▶ _Assignment_: Leave out the pictures and reproduce all of the data exactly.
*** Opening Provided data ***
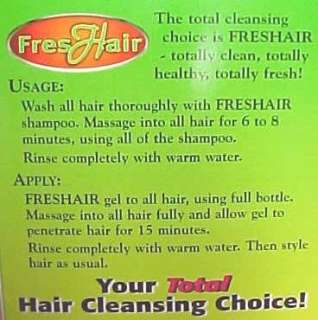 FresHAIR Detox Shampoo HAIR FOLLICLE CLEANSER New  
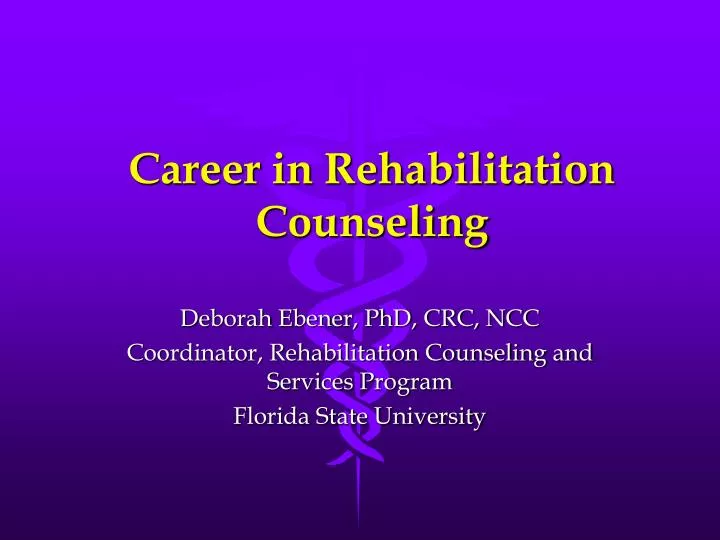 career in rehabilitation counseling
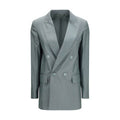 Women's Bicolor Wool Oves Aries Blazer Clothing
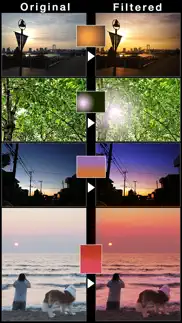 aurora by fang - fast gradient image editor iphone capturas de pantalla 2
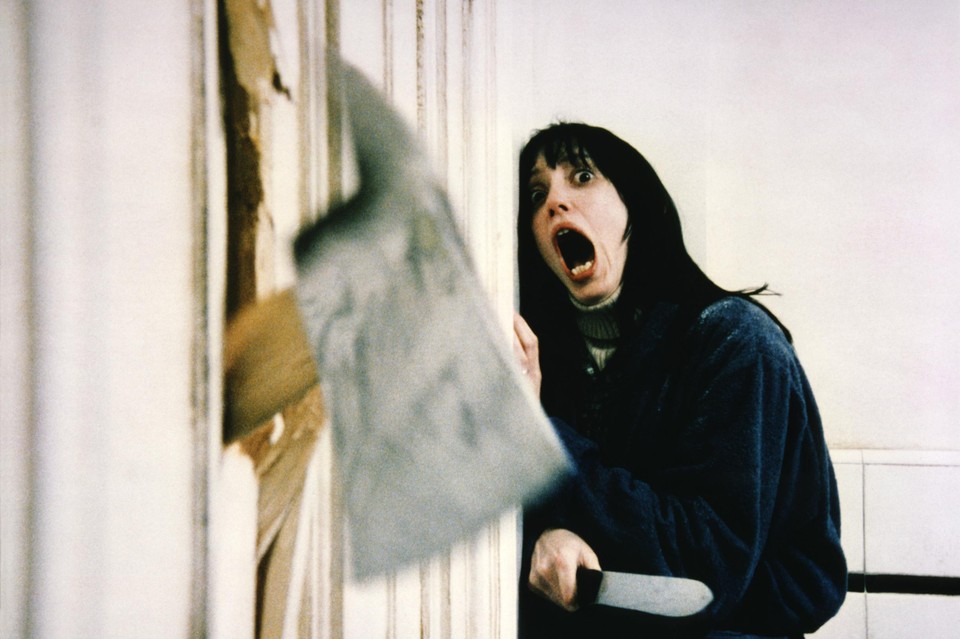 Duvall in de iconische scène uit ‘The shining’.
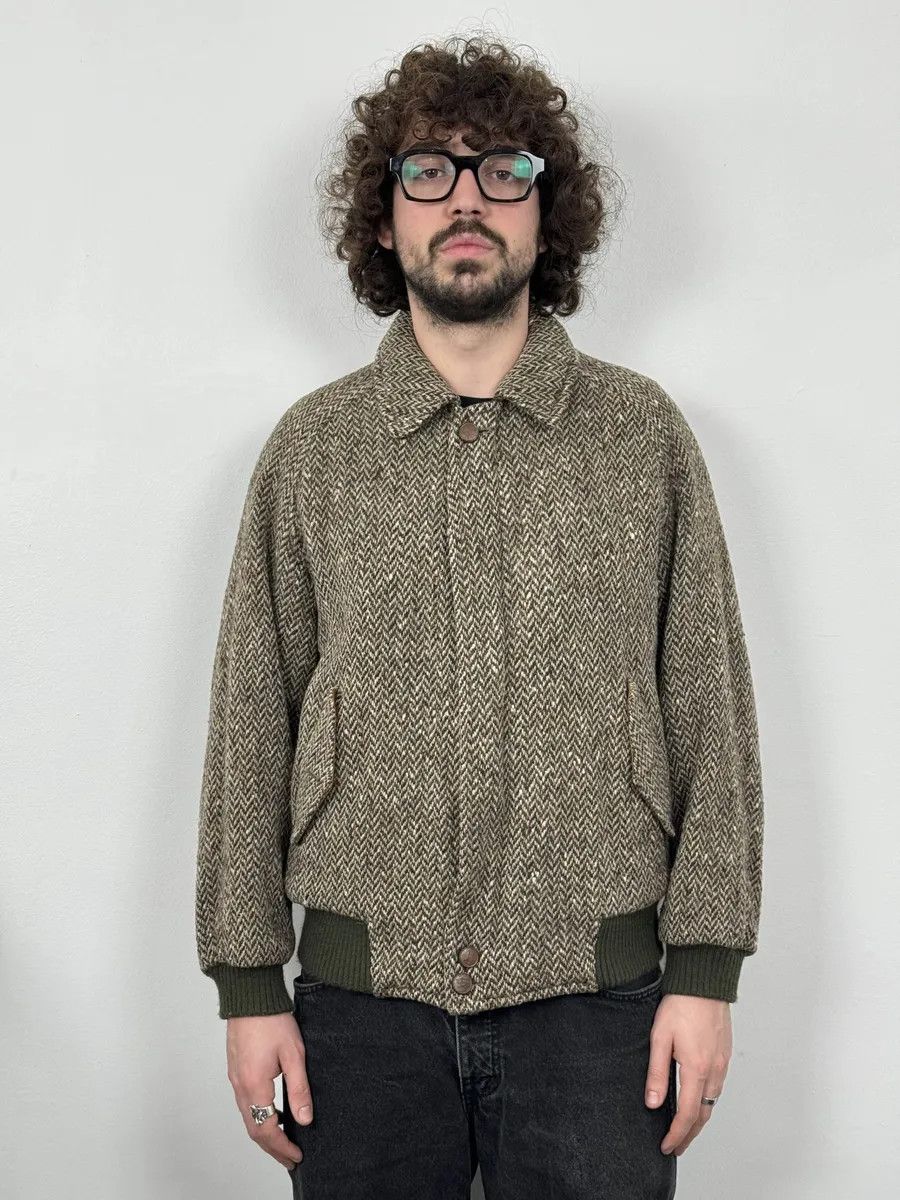 Burberry 2000s Burberry Grey Wool Aviator Bomber Jacket Size US M / EU 48-50 / 2 - 3 Thumbnail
*** Closing Provided data ***
▶ _Answer to this task_:
 FresHAIR Detox Shampoo HAIR FOLLICLE CLEANSER New  
 career in rehabilitation counseling
 Women's Bicolor Wool Oves Aries Blazer Clothing
 aurora by fang - fast gradient image editor iphone capturas de pantalla 2
 Duvall in de iconische scène uit ‘The shining’.
 Burberry 2000s Burberry Grey Wool Aviator Bomber Jacket Size US M / EU 48-50 / 2 - 3 Thumbnail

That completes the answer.